I've been slowly migrating an application to Akka since scala 2.10 came out and pushed me away from scala actors; sorry for any stupid questions as I'm always learning.
As a general picture, the application consists of multiple long-lived JVMs communicating over ActiveMQ. The standard deployment is to a single machine, but with multiple services communicating over AMQ for the ability to move specific pieces of functionality to other boxes. As the migration and component rewrites have progressed, I'm solely left with actors communicating with each other over AMQ using akka-camel. The natural next step was to explore akka-remote.
My questions started out as "is this an abuse/unintended usage of akka-remote? Is akka-remote meant to be used outside of akka-cluster? Is it useful for communicating to local JVMs? What about network hiccups for remote JVMs?"
I went ahead and implemented a decent amount of code for using akka-remote to talk to one of the services after bumping our akka version to 2.3.3, and have to say I'm pleased, especially when comparing to ActiveMQ. Local machine communication is flawless, but once I started testing with remote machines and doing "ifdown eth0; sleep 20; ifup eth0" network disruption tests, I'm left with questions about how to handle quarantines.

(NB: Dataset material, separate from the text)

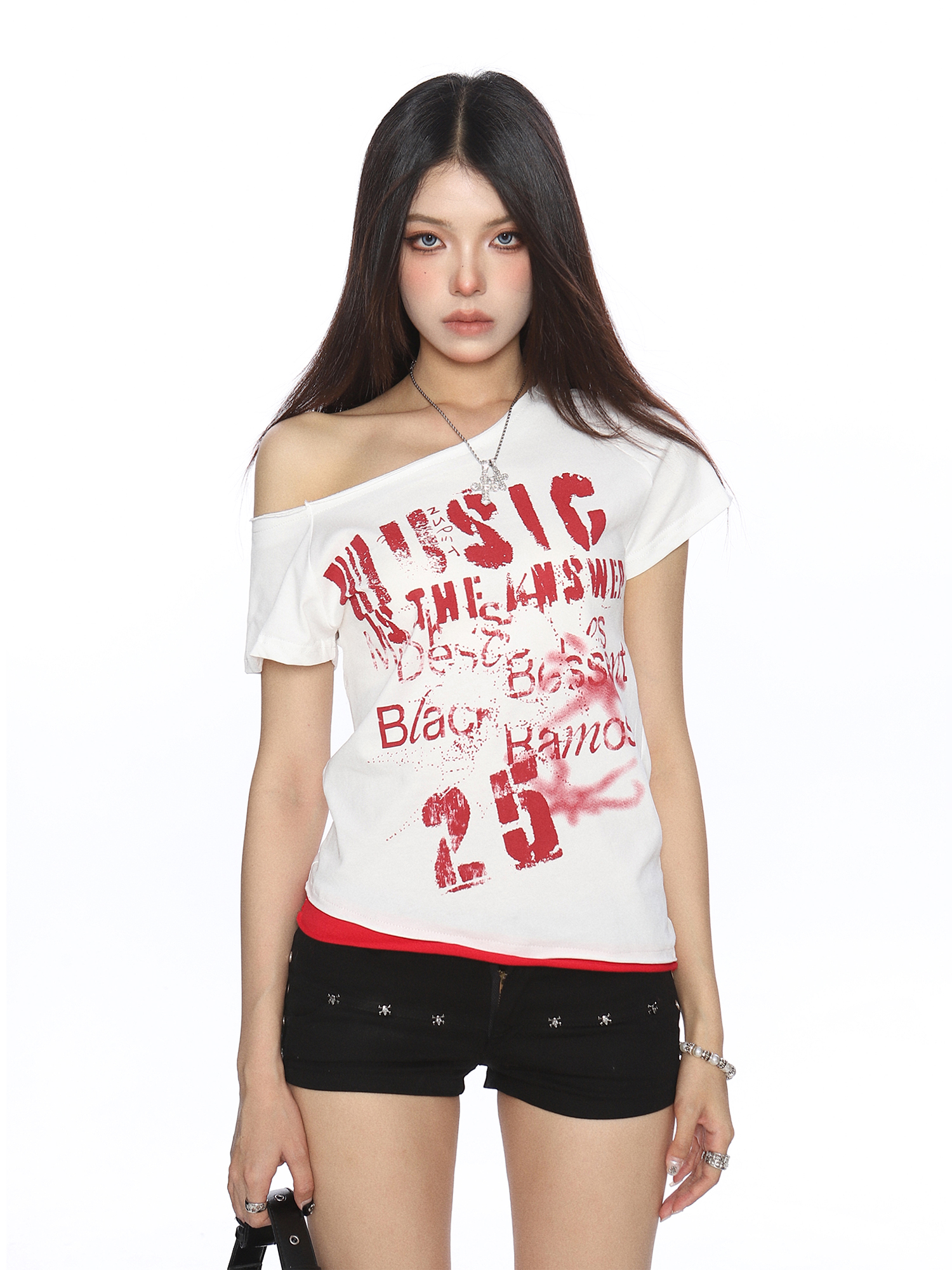 Asymmetrical Off-Shoulder Crop Top T-Shirt for Women - Y2K Punk Graffiti Short Sleeve Slim Fit Summer Style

I looked at reference.conf and heeded the admonition to NOT change the quarantine timeout from 5 days - restarting one of the actor systems is the only alternative.
So - what're the best practices concerning restarting the ActorSystem?
- I'm not clustering - these are a few long-lived "heavy" services, not just nodes spinning up to do small processing tasks
- Our general deployment is not HA, we don't usually have standbys waiting
- Restarting the JVM isn't optimal
* since the services are fairly substantial and there's a non-trivial amount of initialization including database hits to pre-fill caches, restarting the JVM is a possibility (less time than the remoting gate time), but isn't the first route I'd choose
* we (very rarely) run on non-linux platforms and so tend to try to keep stuff in the JVM instead of relying on upstart/launchd/windows services/etc
My only other thought is to run an additional ActorSystem for remoting.
- allows programmatic configuration (our runtime configuration system could change remoting settings and restart the remoting ActorSystem with the new settings)
- a quarantine situation would just require the remoting ActorSystem to be recreated, not a restart of the whole JVM
However, one of the very earliest entries in the Akka documentation states "An ActorSystem is a heavyweight structure that will allocate 1…N Threads, so create one per logical application." I know creating multiple dispatchers in the same ActorSystem is fine, and sometimes (at least historically) a dedicated dispatcher was recommended for some remoting cases; I also know starting a new ActorSystem takes some amount of time to create dispatchers, parse configs, etc; so I'm thinking that the big yellow warning in the documentation is a general guideline for getting started with Akka, not a hard and fast rule.
Sorry for the long post, can anybody give me some guidance on the situation?